The response to US calls for political change in Egypt:
"There is a lot of resentment – not just in Egypt, but in the world – about this kind of self-righteousness of America on a number of issues, which seems to be telling other countries how to run their domestic affairs at a time when one cannot entirely say our own domestic affairs are most effectively conducted."
How the protests in Egypt differ from the Solidarity movement in Poland, which the US supported:
"In the case of Solidarity, you had an alliance between trade unions, intellectuals, the church.... So we knew what we were doing. The problem in Egypt is that we have an amorphous mass that is rebelling against a dictatorship.... Our sympathies are with them. But how do we translate that into a democratic takeover?... A political process of some sort [is needed] unless you want to have just bloodshed in the streets."
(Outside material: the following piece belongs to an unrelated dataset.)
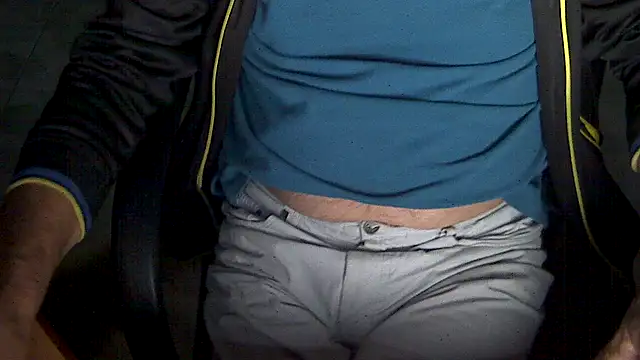 Snapshot of velikifant7 chatting on 11.14.25 velikifant7 online show from 11.14.25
The limits to watching events in Egypt on television:
"We have been watching [protests] for a week on television and what do we see? We see ... one square in a city of 15 million people.... We cannot be galvanized into thinking that the total reality of the country is what we see on the square."
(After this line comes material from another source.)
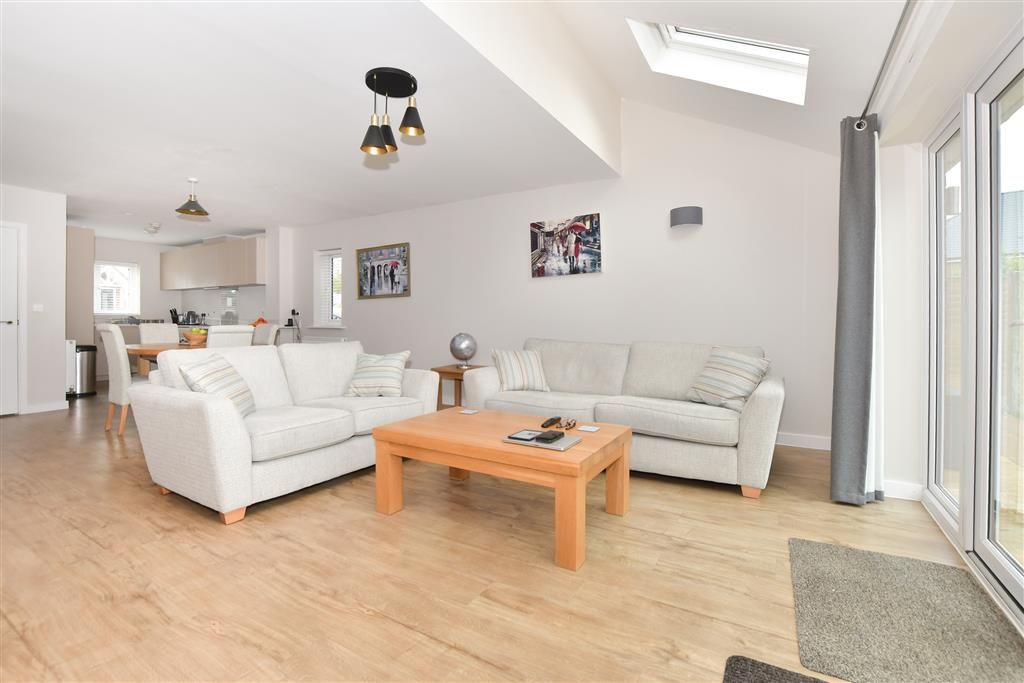 Property photo 3 of 10 Lounge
Rating President Obama's foreign policy:
"The president ... came to office with a really insightful and relevant vision of what America's role in the 21st century ought to be.... He has had a hard time translating that into a strategy that can be action-oriented and imposed in a disciplined fashion on the government.... Most of it has to do with [coming into] office in the worst financial and economic crisis ... since the early '30s."
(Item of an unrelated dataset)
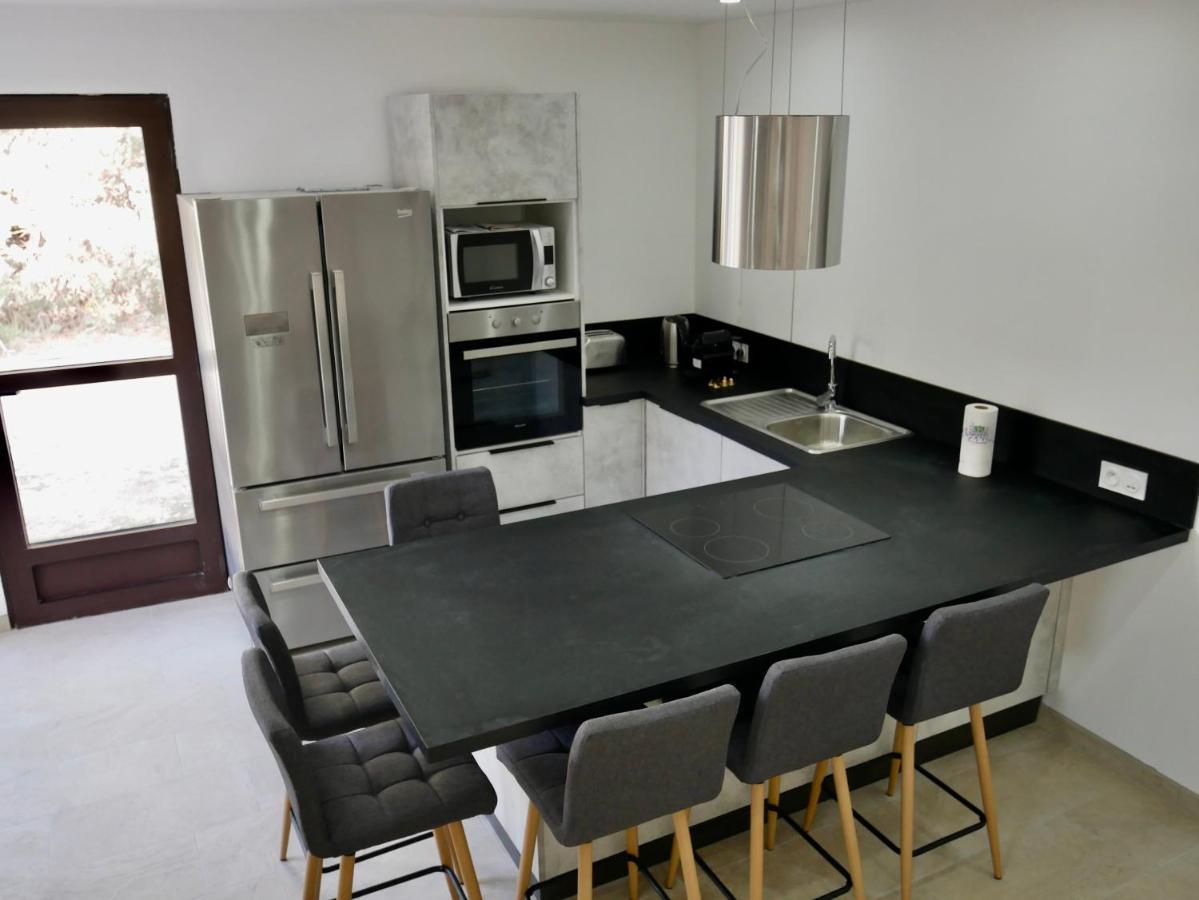 Hotel Port Pin - Coliving - Mas Des Sous Bois Ventabren Esterno foto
GOP threats to cut US foreign aid:
"It is better not to cut if you can avoid it.... We are going to have ... increasing difficulty in maintaining an intelligently balanced foreign policy which behooves ... the No. 1 superpower ... to balance military aspects of that power with aid, assistance, technological advice, and so forth. That is going to be very difficult because of domestic political divisions."
What keeps him involved in his 80s:
"What formed me was World War II and the realization [of] how far humanity can go in doing wrong things to itself.... Human affairs require some combination of moral commitment with disciplined political action. And that is what keeps me intrigued and challenged and wanting to influence events."